Cloud TPU tutorial and ImageNet TPU benchmark
- Since Jeju Google Deep Learning Camp 2018
- Special thanks to Sourabh and Yu-han @ Google
Easy GCP TPU training in Jeju Google Deep Learning Camp 2018
- macOS and command line interface only
- Tensorflow >= 1.8
Models | Top1 Acc (paper) | TPU Trained Acc | TPU Training time | Execution |
---|---|---|---|---|
Mobilenet v1 | 70.60% | 71.27% | 1d 23h 57m | run_mobilenet_main.sh |
Resnet-50 | 79.26% | 76.19% | 12h | run_resnet_main.sh |
You need to install gcloud SDK directly from the link:
- what we must configure are that
- account
- project
- a default compute region and zone
Note that the zone should be set to
us-central1-f
in this Google camp.
- You can check your configuration by
$ gcloud config list
[compute]
region = us-central1
zone = us-central1-f
[core]
account = jwkang10@gmail.com
disable_usage_reporting = False
project = ordinal-virtue-208004
Your active configuration is: [default]
The use of GCP TPU has three steps:
1) Related API enabling
2) Virtual machine(vm) instance generation + ssh connection to the vm
3) TPU instance generation in the vm
In order to use TPU, enabling of below two APIs must be performed.
- Cloud TPU API enabling
- Cloud Engine API enabling
Basically. our aim is to use TPUs in a certain GCP zone by creating a virtual machine on cloud.
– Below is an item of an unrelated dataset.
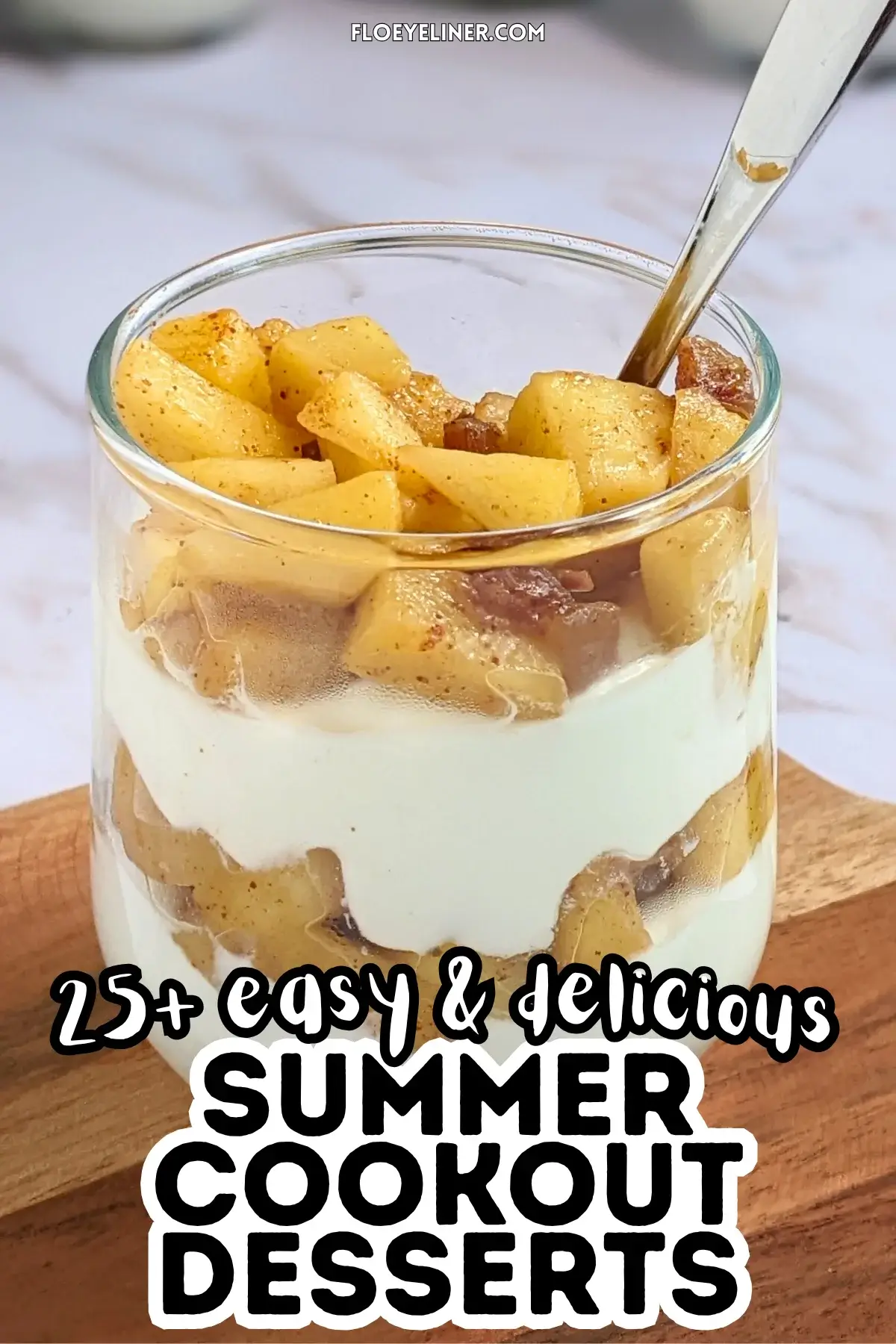 Healthy Apple Parfait Dessert - Healthy layered apple parfait dessert with whipped ricotta and heavy cream, topped with cinnamon stewed apples and chopped dried dates.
- The zones, where the TPU can be used, is limited (see for detail info)
- For create VM, we have
create_vm_instance.sh
:
#! /bin/bash
# create_vm_instance.sh
export YOUR_PRJ_NAME=ordinal-virtue-208004
export YOUR_ZONE=us-central1-f
echo Set your proj and zone again
gcloud config set project $YOUR_PRJ_NAME
gcloud config set compute/zone $YOUR_ZONE
echo CRATE GCLOUD VM
gcloud compute instances create $USER-vm \
--machine-type=n1-standard-2 \
--image-project=ml-images \
--image-family=tf-1-8 \
--scopes=cloud-platform
Note that in order to use TPU, you first need permission from Google.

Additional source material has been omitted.